Sympathy for the Reader

When I see a stranger reading a book, I like that person better. There is something about the act of reading – especially fiction – that is endearingly vulnerable, almost naïve. The reader’s attention is wholly submitted to the page, breathless with anticipation about what happens next (if the story is any good, that is). This is a uniquely human experience. No other species on Earth has the capacity to enjoy storytelling.

When you’re writing a book, you should think about the reader.

This seems obvious, right? If you’re making a chair, you give thought to how comfortable the sitter will be. If you’re designing a house, you give thought to what it would be like to live there. Why should authors give any less attention to the consumers of their products?

But writers do give less attention. At least, some of us do.

In an interview with The Motley Fool, Amor Towles (A Gentleman in Moscow) laments the tendency of modern fiction to discount the reader:

I very much came of age in an era where we as younger artists, or critics, or students were taught that to take into account the audience was the worst thing an artist could do. (The idea was that) true art is made with almost intentional indifference to the audience.
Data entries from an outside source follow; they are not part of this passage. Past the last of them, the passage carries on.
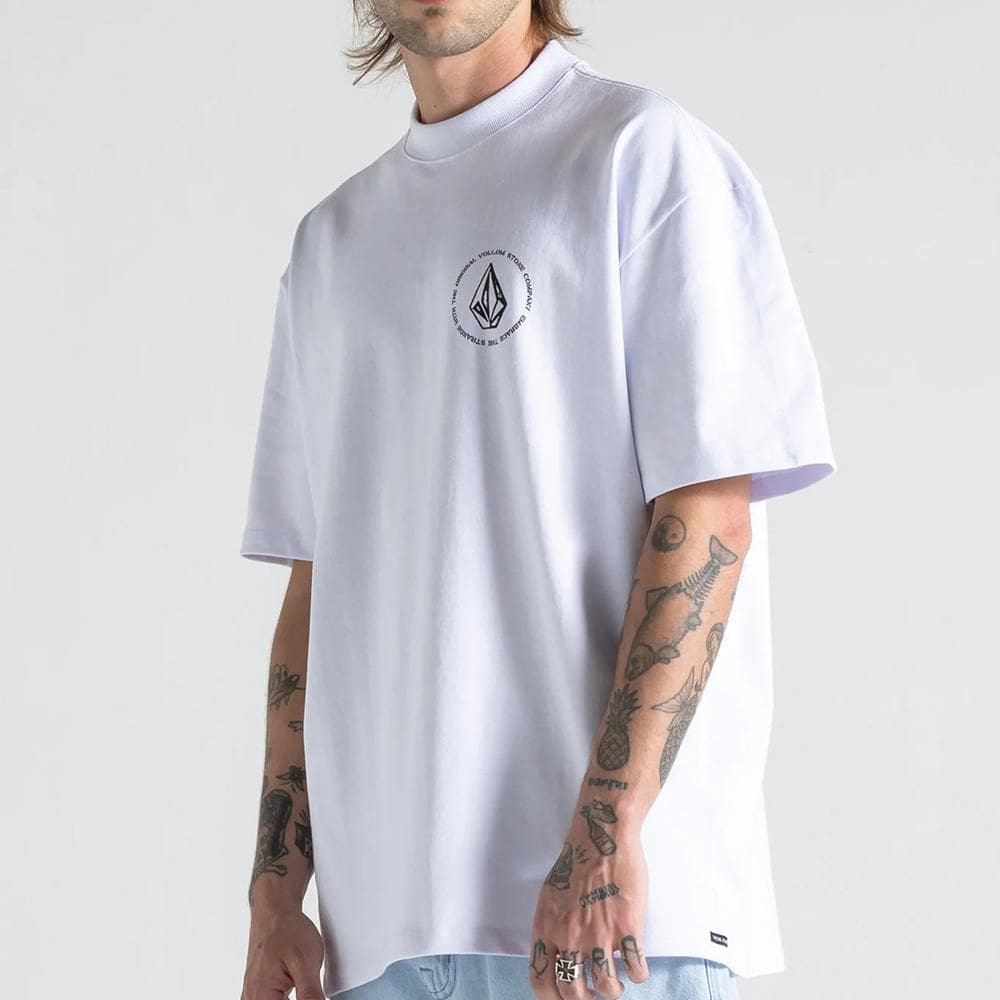 Camiseta Volcom Comfort Classics SM26 Masculina Branco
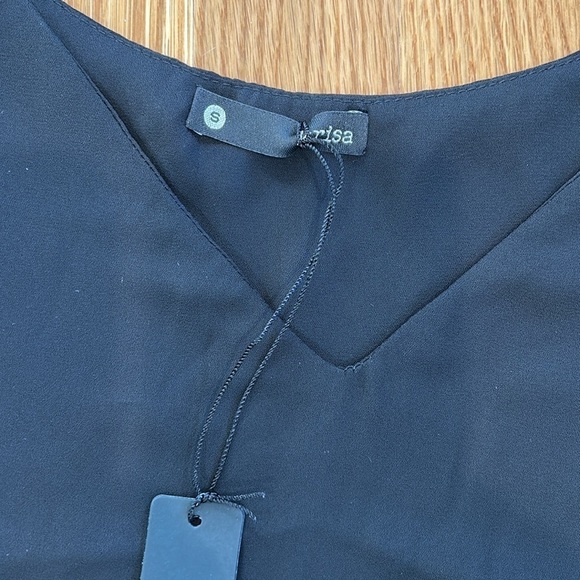 KRISA REVOLVE Sexy Little Mini Black Slip Dress with Lace Hem small new w tags - Picture 4 of 5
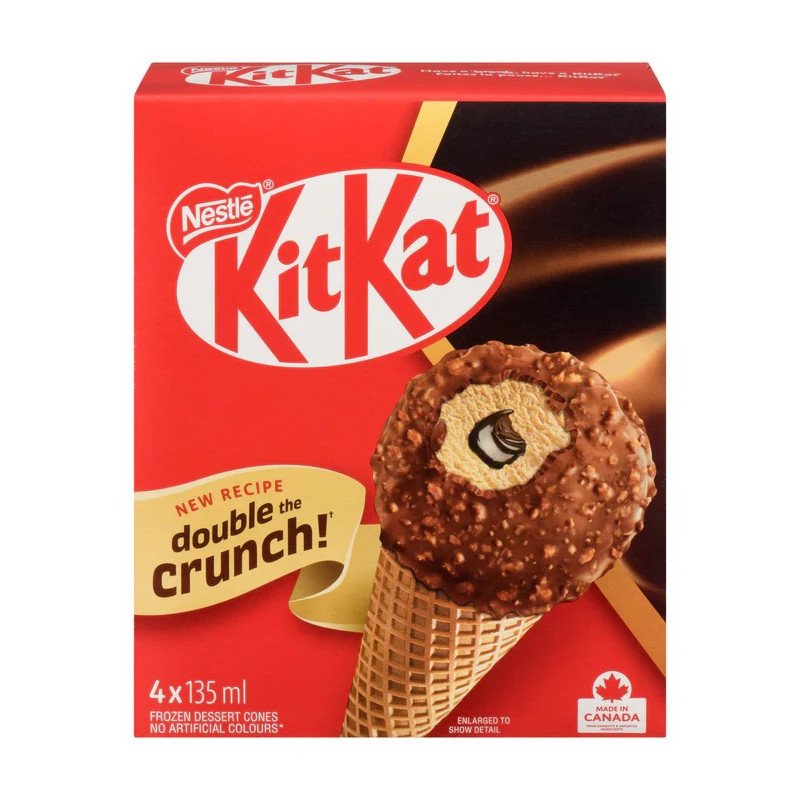 Nestle Drumstick KitKat Double the Crunch 4 x 135 ml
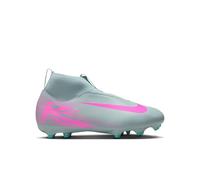 NIKE Jr. Mercurial Superfly 10 Academy Sneaker, Ocean Cube Pink Blast, 2.5 UK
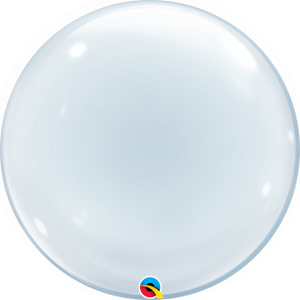 Qualatex Clear Bubble 20 inch Balloon Helium Air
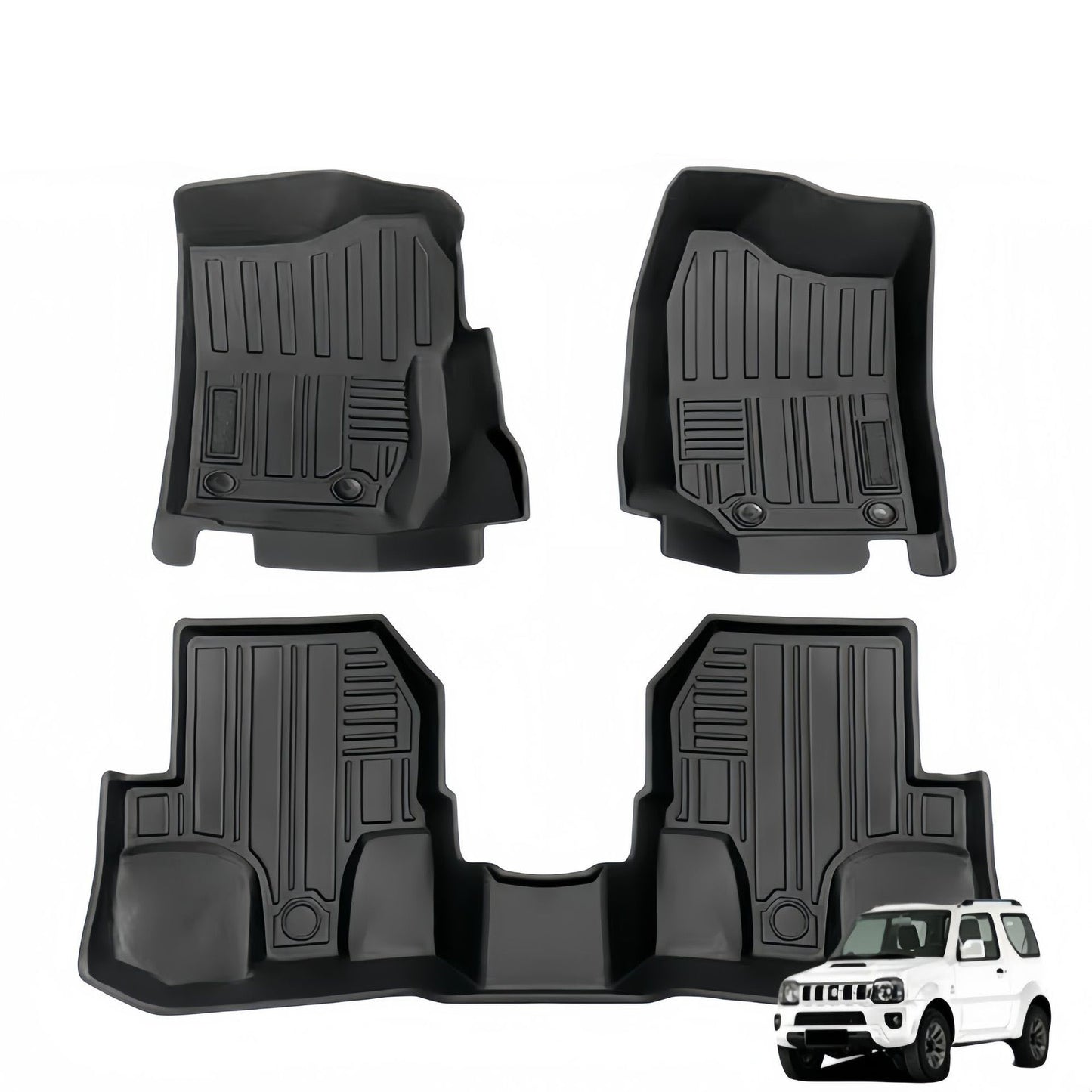 For 2008-2018 SUZUKI Jimny JB23/JB43 LHD/RHD TPE Car Floor Mat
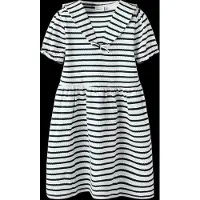 Name it Kjole - Rib - NmfKattie - Cloud Dancer/Sky Caprain - - 4 år (104) - Kjole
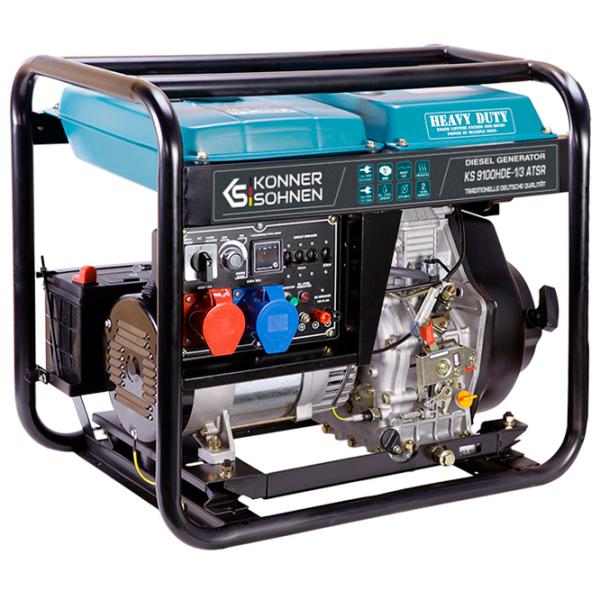 Generator de curent Könner & Söhnen KS 9100HDE-1/3 ATSR 230 / 400 V Motorină / 6 kW photo 2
Towles’ sentiment makes me think of the post-structuralist critics I encountered in grad school, people like Jacques Derrida, famous for the idea that “there is nothing beyond the text.” In this framework, it is impossible for language to have any stable meaning that can be transferred from one person to another. Therefore, why try? If language can’t communicate anything coherent, why consider the reader at all? Instead of writing being an exercise in disciplined meaning-making (which it should be), it becomes solipsistic, all about the tortured author trying in vain to express the ineffable longings of his soul. Or something like that.

To be clear, I’m not talking about bestsellers. This type of “to hell with the reader” style is something you’ll encounter more from literary types. I just read a recent Pulitzer Prize-winning novel that was brutal to get through. Truly, one of the least enjoyable reading experiences I’ve had in a while. (But I finished it. Maybe it’s the distance runner in me that compels me to slog through unpleasantries.) The author was so infatuated with his verbal dexterity – which is considerable – that he gave no thought to how his readers might feel, plodding through 350 pages of interminable descriptions, nonexistent plot, and irredeemable characters.

The idea that “there is nothing beyond the text” is self-centered nonsense. There are readers beyond the text, human beings who are giving your words their undivided attention. And you owe it to them to construct meaning in a way that is coherent. Towles, in the same interview, describes this as the “covenant” that an artist has with the audience:

I know that if someone is going to buy this book and take time to read this book, that I owe them a certain amount of investment in ensuring that the book is of the highest quality that I can make it. And that tends to mean things like removing redundancies. Removing passages that go on unnecessarily long. Removing obscurities that sort of satisfy my vanity, but that are not really productive for the work.

Writers whose works stand the test of time absolutely consider their readers. If you transported Charles Dickens or Jane Austen into a modern-day grad-school seminar and exposed them to the tortuous writings of Derrida, they’d have no idea what the fuck he’s talking about. Because it is possible to communicate meaning, and to tell a story that has both moral force and narrative clarity. Dickens and Austen were confident enough as writers to pull this off, which is why we’re still reading them.

Navel-gazing, self-absorbed writing is a fad – just like post-structuralism. This type of stuff might win awards, but it won’t endure because it’s miserable to read. It doesn’t honor the writer’s covenant with the audience.

Storytelling is not a fad. It’s what makes us human. Our capacity to create stories is what catapulted us from swinging in the trees to putting a man on the moon, and a good story is welcoming. It invites the reader in, with the understanding that something meaningful is going to be communicated, a truth that can only be understood when passed from one human being to another.